Image source: Medium 
I want to take a moment and pay tribute to someone who influenced my learning journey greatly – my mother. Without her influence I would have gone astray and who knows where I would have wound up. A few months ago I was attending the ASU-GSV Summit – a conference my mother certainly would have loved to attend given her passion for education and learning – where great keynote speakers such as Michael Moe, Jeff Weiner and Betsy Devos shared personal insights on the challenges the education world faces today. The 3-day event helped crystallize a thought I have had for a very long time:
Learning is not a hat, and one size certainly does not fit all.
I’ll explain my thought a bit more by sharing the way I learn and how that differs from traditional training or education. Throughout my life people have been shoving textbooks in my face and asking me to sit in classrooms to listen to lectures. While I found a way to make it through and get my degree, to say I learned anything of value might be a stretch.
See, I am one of those people that came out of the womb wondering “What’s in it for me?”, which is commonly referred to as everyone’s favorite radio station, WIIFM. It picked up steam in pre-school and has continued through my lifelong learning journey. Each time I am presented with interesting information I become immersed in the topic. I work feverishly to review content (using articles, books, videos, games, etc.) and then attempt to apply it so I can determine the value of what I have just learned.
Now, imagine trying to train someone like me at a large company on compliance-related topics with tools like video, lengthy e-learning programs or (heavens forbid) a power point deck. The likelihood of success on that endeavor would be less than zero. Unless forced to, I would never click on an email yet alone read and retain any of the content.
So, the question is, how can an organization or educator transform from a model that assumes all people learn the same to one where the learner picks their path or consumption model?

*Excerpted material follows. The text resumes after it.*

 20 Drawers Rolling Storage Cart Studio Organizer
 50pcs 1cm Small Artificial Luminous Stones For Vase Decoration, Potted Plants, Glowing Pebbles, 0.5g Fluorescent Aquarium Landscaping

It starts by recognizing that each individual is unique and there is not one technology or learning platform that can do it all; that includes your LMS, MOOC, MOODLE or POODLE. Once an organization recognizes this fact, they can focus on providing learners with a wide array of tools and solutions that allow individuals to choose the style of learning that fits them instead of the one that fits the instructors or corporations’ viewpoint.
As you can see from the chart below, the modern learner is vastly different from the one of yesterday. Adapting to this challenge, while it may be daunting, is essential if companies want to close the skills gap with their existing employees and avoid recruiting new ones each time the need arises.
Source: Bersin by Deloitte
While this challenge is daunting to learning professionals, the good news is there has never been a better time to look for alternative learning solutions. The investment in education technology (Ed Tech) has gone from $550M invested in 2010 to $2.1B today. Even more, a recent report shows gamification (an element proven to increase knowledge retention) will boom to $22.9B by 2020 .
At mLevel we work hard every day to ensure even the most distracted learners are retaining information. We believe in breaking up long content into short, bite-sized chunks. Offering information in a wide array of activities – ranging from true/false questions to game-based and scenario-based activities – helps keep all kinds of learners engaged and certainly beats an hour-long lecture or power point deck.
While some companies use our platform as their primary learning software, mLevel is most often used as a blended solution alongside your existing learning management system. Using a blended solution by adding an element of microlearning and game-based learning will help reach more learners and produce more effective outcomes.
So keep your chin up and remember that learning is not like a hat… and certainly one-size does not fit all.